**What to produce:**
Starting at the top of the listing, extract every line up to and including the one with "Summer Maternity Dress". Pictures stay out of the copy.

**Listed records:**

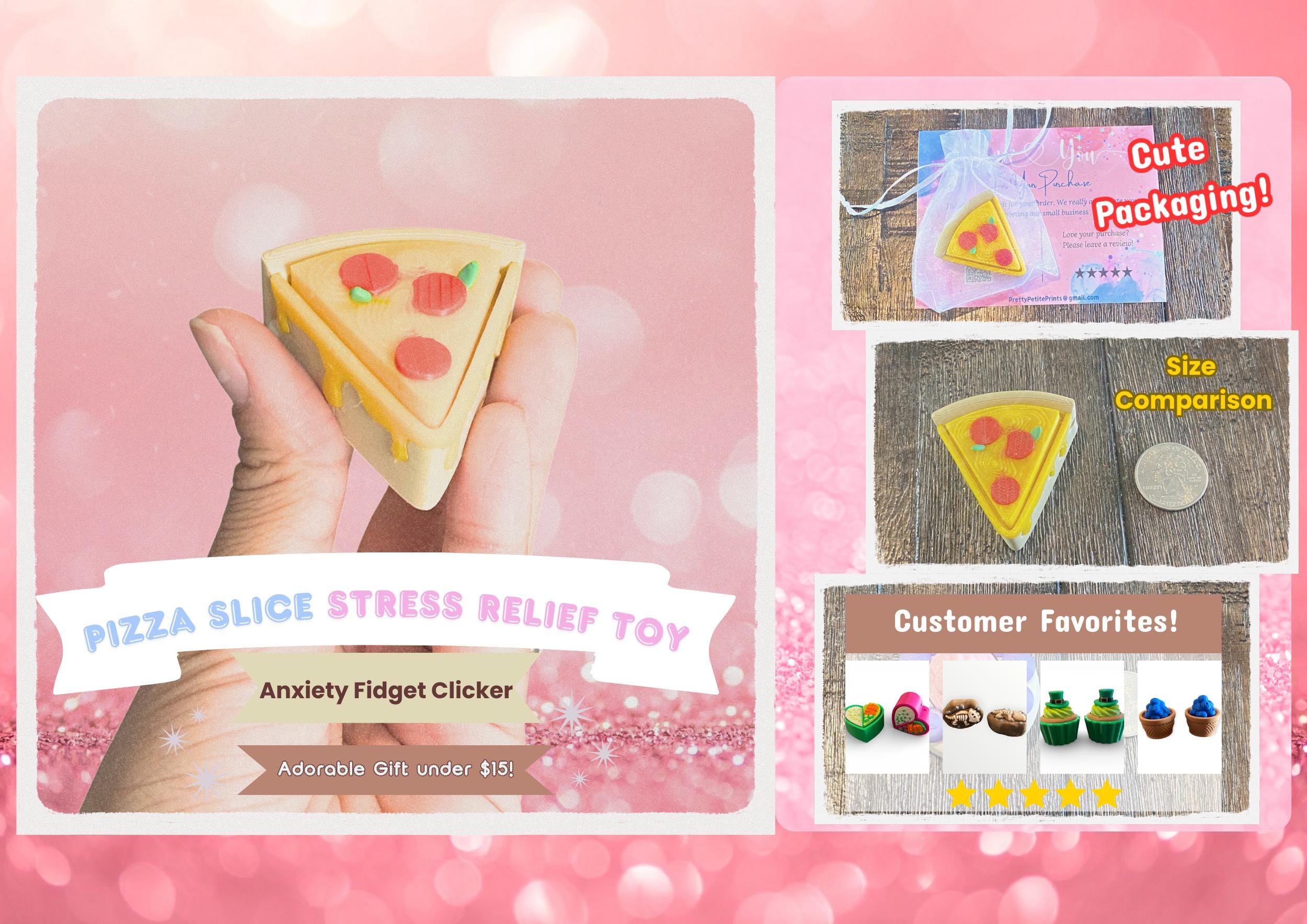 Pizza Slice Fidget Clicker Keychain | 3D Printed Sensory Toy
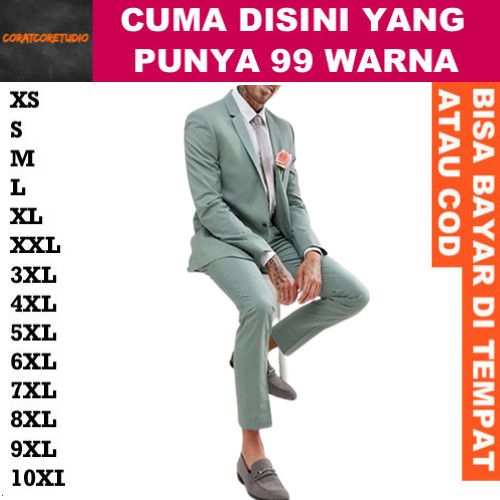 99 WARNA Blazer Cowok Jas Pria Rompi Dasi HIJAU WARDAH HIJAU SAGE HIJAU OLIVE PASTEL MUDA CERAH Slim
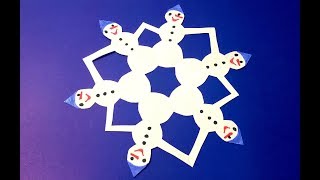 Снежинки-Снеговики из бумаги. Сделать вырезать снежинки Своими руками. Новогодние поделки с детьми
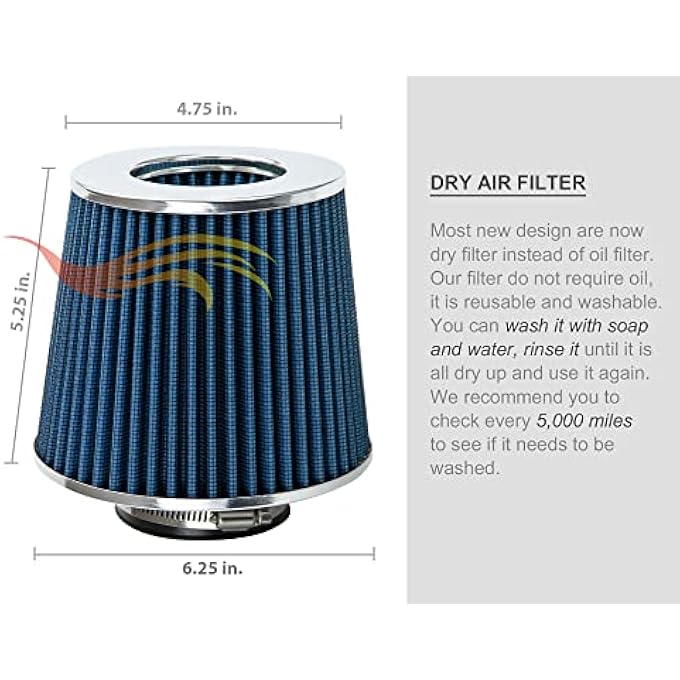 Rtunes Racing BLUE 2.5"-4" 63.5-102 mm Inlet Cold Air Intake Cone Replacement Performance Washable Clamp-On Dry Air Filter - Image 5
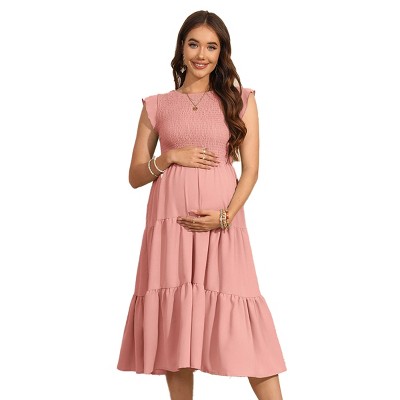 Summer Maternity Dress Ruffle Tiered Dress Smocked Shirred Midi Dress with Mini Cap Sleeve Round Neck Flowy Dress for Baby Shower Photography
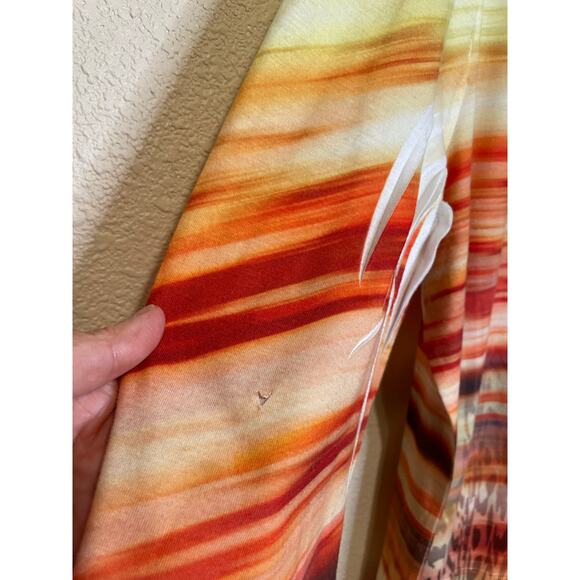 Chico's Boho Y2K Sunset Animal Print Boat Neck 3/4 Sleeve Yellow Orange Top 3 XL - Picture 5 of 12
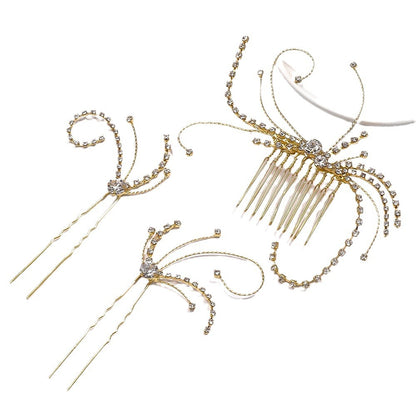 Butterfly Bridal Hair Comb For Women With Rhinestones, 3 Pieces Set Hair Accessories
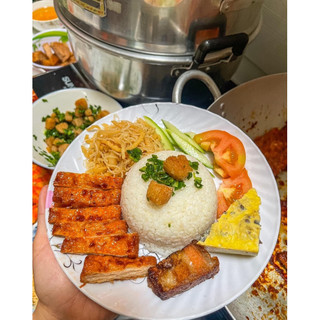 Chả Nấm Chay cơm Tấm-Chả Chay mà ngon y như mặn , chả có nấm đôg cô, nấm mèo , nấm rơm nên thơm phức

**Solution:**
 Pizza Slice Fidget Clicker Keychain | 3D Printed Sensory Toy
 99 WARNA Blazer Cowok Jas Pria Rompi Dasi HIJAU WARDAH HIJAU SAGE HIJAU OLIVE PASTEL MUDA CERAH Slim
 Снежинки-Снеговики из бумаги. Сделать вырезать снежинки Своими руками. Новогодние поделки с детьми
 Rtunes Racing BLUE 2.5"-4" 63.5-102 mm Inlet Cold Air Intake Cone Replacement Performance Washable Clamp-On Dry Air Filter - Image 5
 Summer Maternity Dress Ruffle Tiered Dress Smocked Shirred Midi Dress with Mini Cap Sleeve Round Neck Flowy Dress for Baby Shower Photography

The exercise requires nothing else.